Key Highlights
- Q1 comparable operating profit climbed 54% to €281 million, surpassing analyst projections of €250 million
- The company posted net profit of €87 million, a reversal from the €60 million loss recorded last year
- Revenue from AI and cloud operations jumped 49%, generating approximately €1 billion in fresh orders
- The company increased its AI and cloud addressable market growth projection to 27% per year from 16%
- Shares reached their highest valuation since April 2010, climbing up to 9% during morning trade
Nokia delivered a standout first quarter performance that significantly exceeded Wall Street expectations, triggering a strong market response. The Finnish telecommunications equipment manufacturer reported comparable operating profit of €281 million, representing a 54% increase from the previous year and comfortably above the €250 million analyst consensus.

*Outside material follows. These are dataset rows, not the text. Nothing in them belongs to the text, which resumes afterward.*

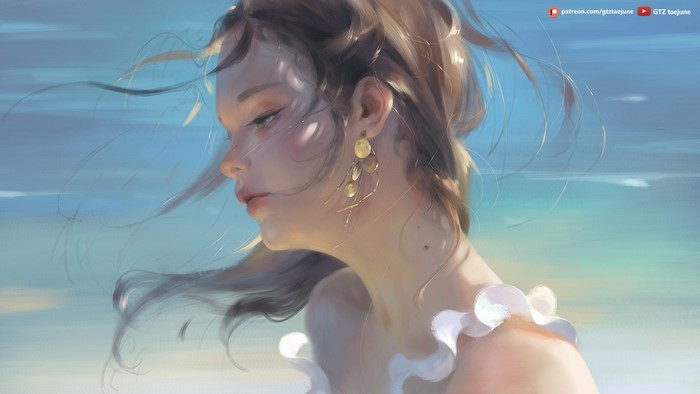 Portrait of a woman with long hair in the wind by Taejune Kim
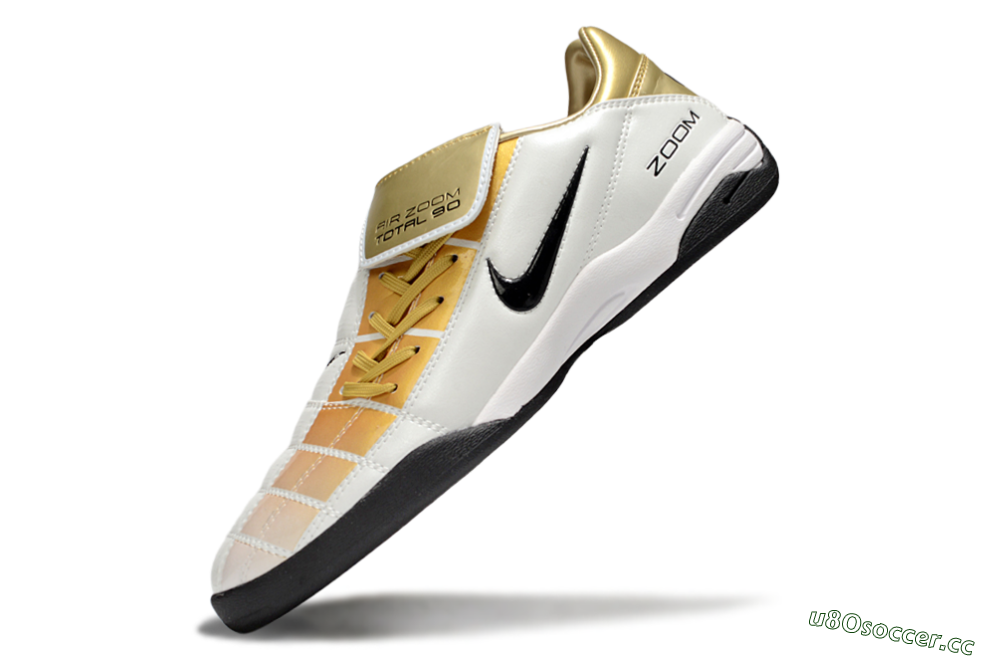 Men's Nike Air Zoom Total 90 III IC Indoor & Futsal Low-Tops Football Shoes - White/Gold/Black 5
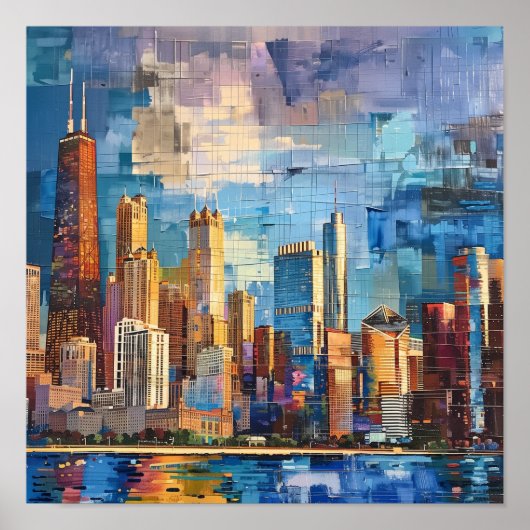Impression d'objets Skyline Chicago contemporains (Devant)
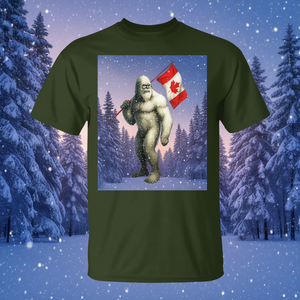 Yeti Among Maple Trees Winter Forest Camiseta de manga corta para adultos, unisex, cuello redondo, estampado digital - Product Image 3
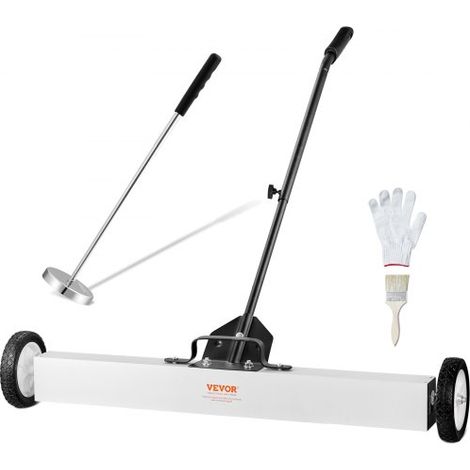 36-Zoll-Magnetkehrmaschine mit Rädern, 55 lbs Kapazität, mit ausziehbarem magnetischem Aufnahmewerkzeug, verstellbarem Griff, magnetischer Aufnahmekehrmaschine zum Aufnehmen von Nägeln und Schrauben, (1/5)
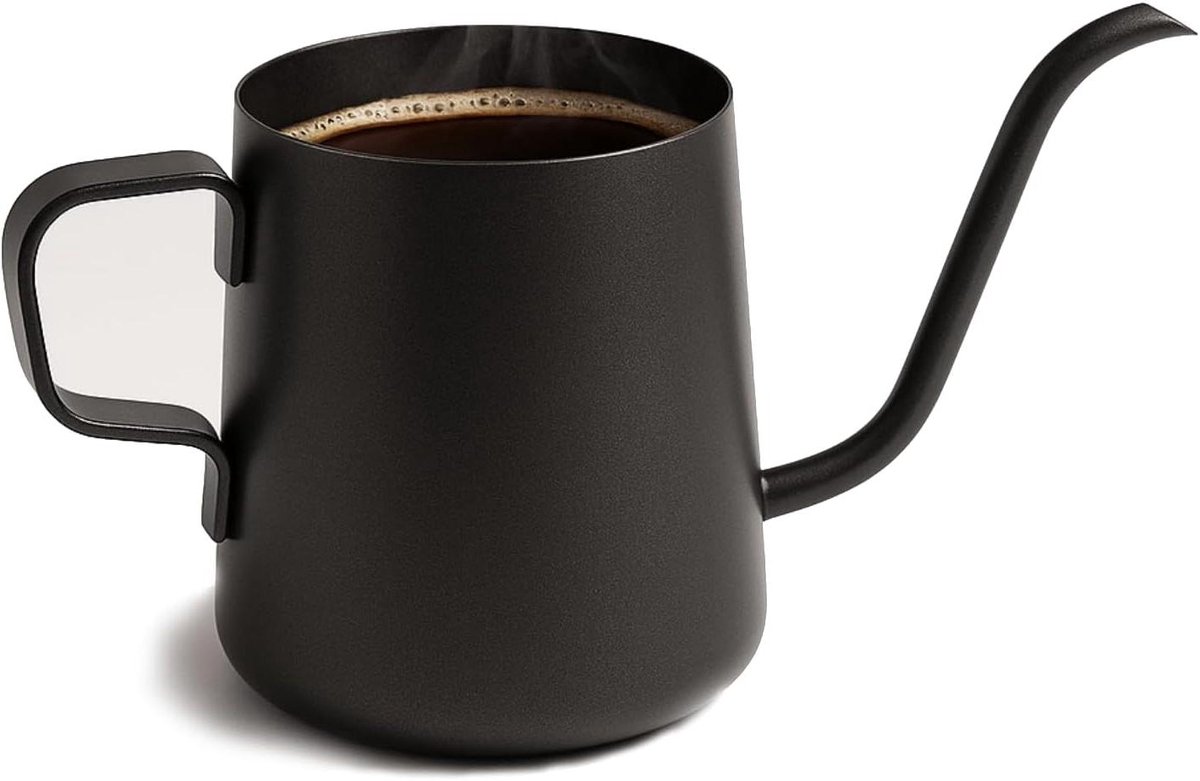 Roestvrijstalen Koffiepot met Langwerpige Gietmond, 250 ml, Zwart, Koffiekan voor Precieze Giettechniek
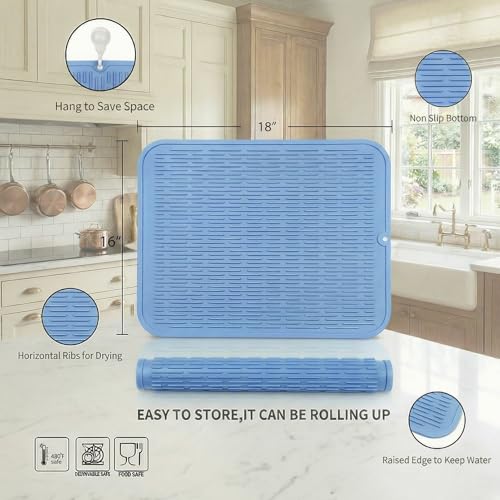 Silicone Dish Drying Mat for Multiple Usage (Light Blue / 18"L x 16"W)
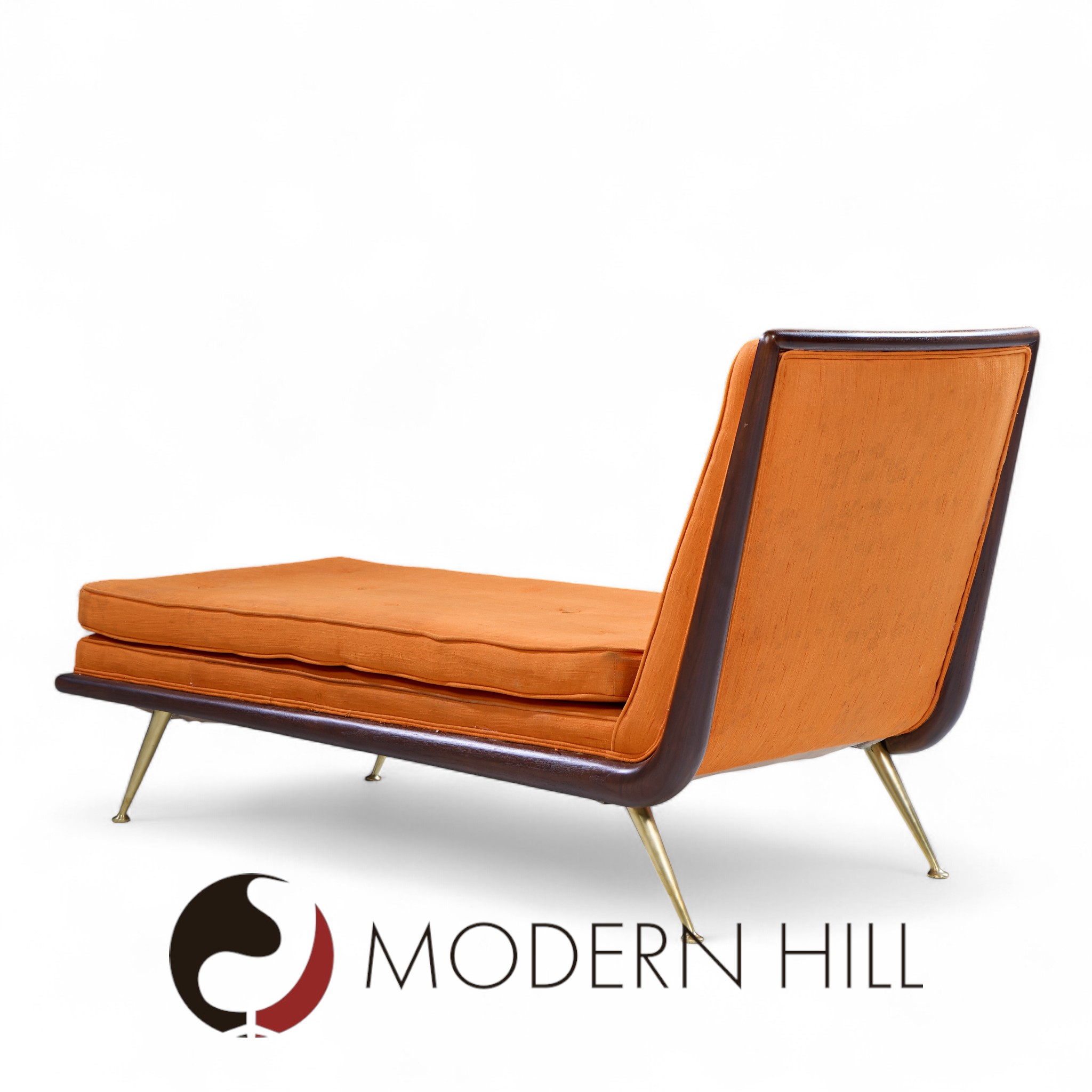 Robsjohn Gibbings for Widdicomb Mid Century Brass and Mahogany Chaise Lounge Chair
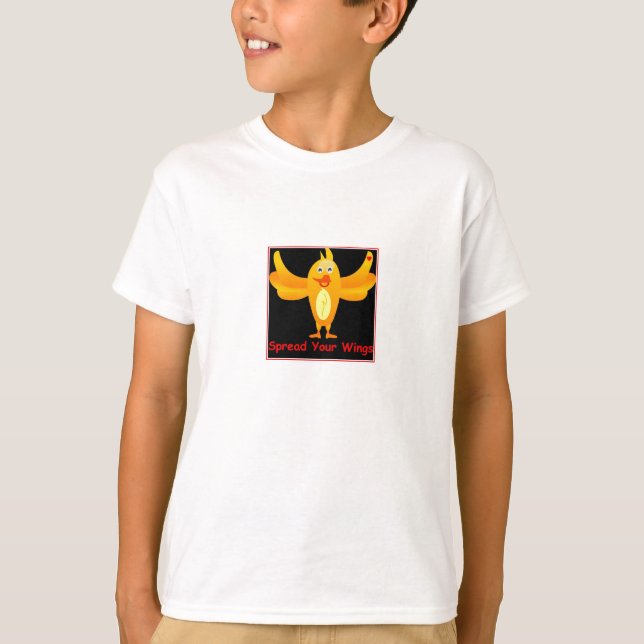 Spread Your Wings - Youth Tshirt with birds (Front)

The bottom line showed dramatic improvement, with net profit of €87 million compared to a €60 million deficit in the corresponding quarter last year. Operating margin expanded to 6.2%, a notable improvement from the 4.2% recorded twelve months earlier.
Shares leaped as much as 9% during Thursday morning trading in Helsinki, marking the company’s strongest price level since April 2010.
Comparable net sales totaled €4.5 billion during the quarter, meeting market expectations and representing a 4% year-over-year increase when adjusted for currency fluctuations.
The AI and cloud division emerged as the star performer, posting explosive 49% growth and representing 8% of total group revenue. Orders from AI and cloud customers reached approximately €1 billion during the three-month period.
The Optical Networks division, which operates under the Network Infrastructure segment, delivered impressive 20% organic expansion. The overall Network Infrastructure segment achieved 6% organic growth, while Mobile Infrastructure advanced 3%.
Company Significantly Raises AI Market Projections
Nokia substantially upgraded its total addressable market growth estimate for AI and cloud operations to a 27% compound annual growth rate spanning 2025 through 2028. This represents a dramatic increase from the 16% figure presented during a November investor presentation.
The Network Infrastructure TAM growth forecast was elevated to 12–14% from an earlier projection of 6–8%. Growth expectations for optical and IP networks were revised upward to 18–20%, compared to the previous 10–12% estimate.
CEO Justin Hotard attributed the revisions to an AI “supercycle,” noting that demand momentum was building and driving heightened capital allocation toward optical and IP network infrastructure.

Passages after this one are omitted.